**Problem description**.
An exact transcription of each entry below is required, without any pictures.

##### Records shown #####

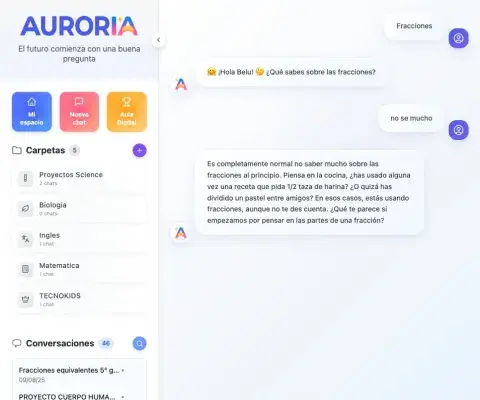 Auroria es una plataforma de inteligencia artificial diseñada exclusivamente para escuelas, para que puedan integrar IA sin miedo 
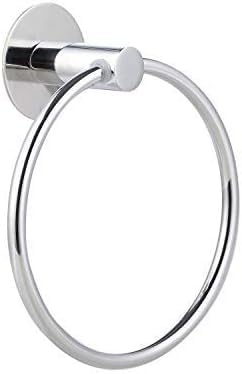 DERDOUT Stainless Steel Bath Towel Holder Hand Towel Ring Hanging Towel Hanger Bathroom Accessories Contemporary Hotel Square Style Wall Mount (Self Adhesive)
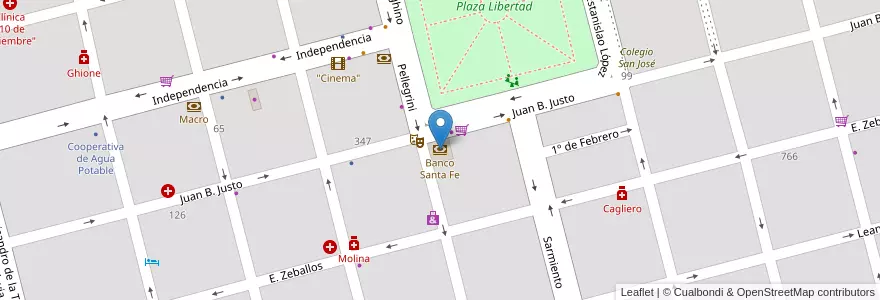 Mapa de ubicacion de Banco Santa Fe en アルゼンチン, サンタフェ州, Departamento Castellanos, Municipio De Sunchales.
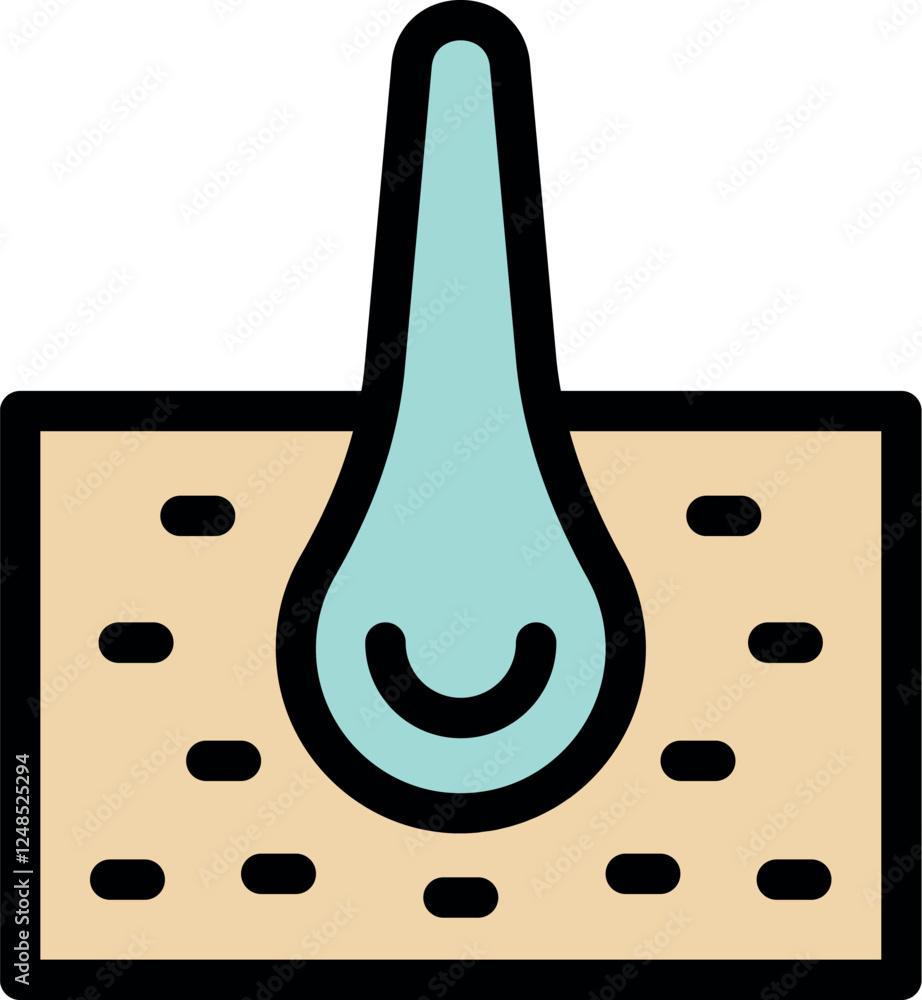 Φωτογραφία Hair bulb emerging from skin pores, representing healthy hair growth and follicl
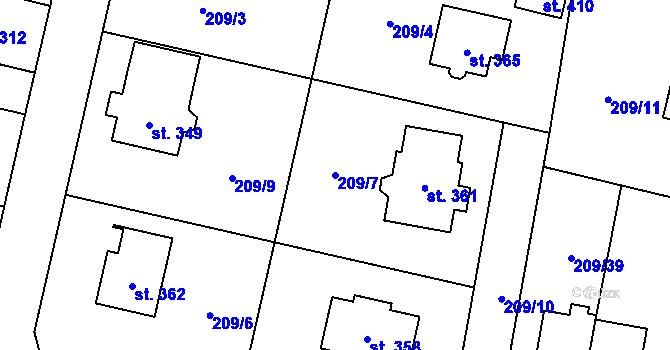 Parcela st. 209/7 v KÚ Klášter Hradiště nad Jizerou, Katastrální mapa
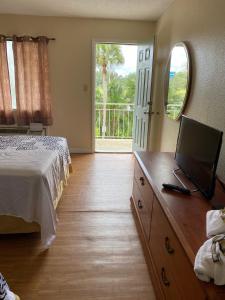 um quarto com uma cama e uma televisão numa cómoda em Jasmine Garden Inn - Lake City em Lake City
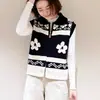 Chaleco de Punto Jacquard de Capas con Cuello de Solapa para Mujer, Nuevo Top Elegante y Moderno 2026 para Primavera y Otoño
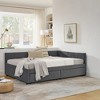Full Size Upholstered Tufted Daybed with Two Drawers, Comfortable Backrest, and Armrests for Bedroom or Guest Room - 4 of 4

#####

**Result of this exercise**.
 Auroria es una plataforma de inteligencia artificial diseñada exclusivamente para escuelas, para que puedan integrar IA sin miedo 
 DERDOUT Stainless Steel Bath Towel Holder Hand Towel Ring Hanging Towel Hanger Bathroom Accessories Contemporary Hotel Square Style Wall Mount (Self Adhesive)
 Mapa de ubicacion de Banco Santa Fe en アルゼンチン, サンタフェ州, Departamento Castellanos, Municipio De Sunchales.
 Φωτογραφία Hair bulb emerging from skin pores, representing healthy hair growth and follicl
 Parcela st. 209/7 v KÚ Klášter Hradiště nad Jizerou, Katastrální mapa
 um quarto com uma cama e uma televisão numa cómoda em Jasmine Garden Inn - Lake City em Lake City
 Chaleco de Punto Jacquard de Capas con Cuello de Solapa para Mujer, Nuevo Top Elegante y Moderno 2026 para Primavera y Otoño
Full Size Upholstered Tufted Daybed with Two Drawers, Comfortable Backrest, and Armrests for Bedroom or Guest Room - 4 of 4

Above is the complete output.